Funders and supporters include: Friends of the Civic Auditorium, Festival Theater, St. Croix Falls Centennial Committee, Hugh J Andersen Foundation, Andersen Corporation, Hardenbergh Foundation, Fred C. and Katherine B Anderson Foundation, Ravenholt Foundation, Studio M Architects, New History (Architects), Wisconsin Economic Development Corporation, and the City of St. Croix Falls.
The venue has been hosting concerts and other performances and events already this year, and there was a Grand Welcoming event last night.
Historian and 2025 Pine Needles Artist-in-Residence Haley Prochnow will present at the auditorium on November 13 about her research and writing on unsung local heroine Florence Baker Riegel.

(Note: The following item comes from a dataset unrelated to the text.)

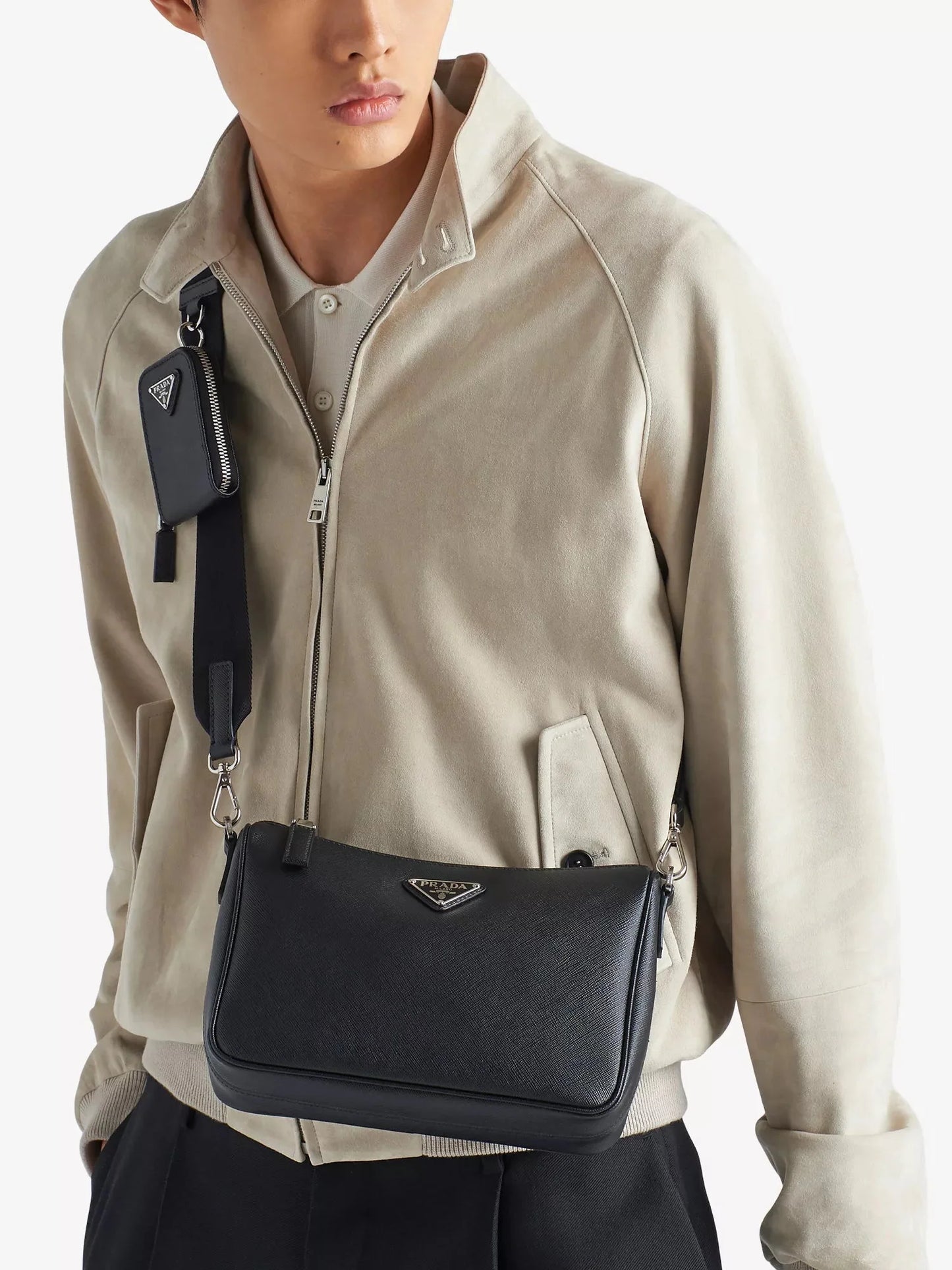 Prada Saffiano-Leather Shoulder Bag in Black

In Gordon, a business owner and community members worked together to move a distinctive prefab service station built in 1939 from an undesirable location to the center of town, loving repainted and repaired it, and reopened it as an ice cream and gift shop. Owner Julie Phelps led the project with help from others, including local historian Brian Finstad. He says the station was the last of its kind still standing in the nation.
“It now stands in its third location in downtown Gordon,” Finstad wrote. “Originally a Cities Service Station, it was longest and most remembered as a Shell Station and in its later years used for snowmobile repair, as a used car lot, auto repair, and a tow truck garage before a long period of vacancy and deterioration.”
Finstad, who lived in Minneapolis for several years, said he noticed the gas station’s resemblance to the Band Box Diner in Minneapolis, which he learned was a prefab model made by Butler Manufacturing Company, the same Missouri company that had made the gas station in his hometown. Both structures were built in 1939. The owners of the building were planning to tear it down when Finstad intervened and Nelson purchased the building.
The former service station opened in the summer of 2024 as Gordon Station, with owner Julie Phelps and employees serving up cones all season. That included during Gordon’s popular Good Neighbors Days celebration, when she expected to have 10 people working all weekend.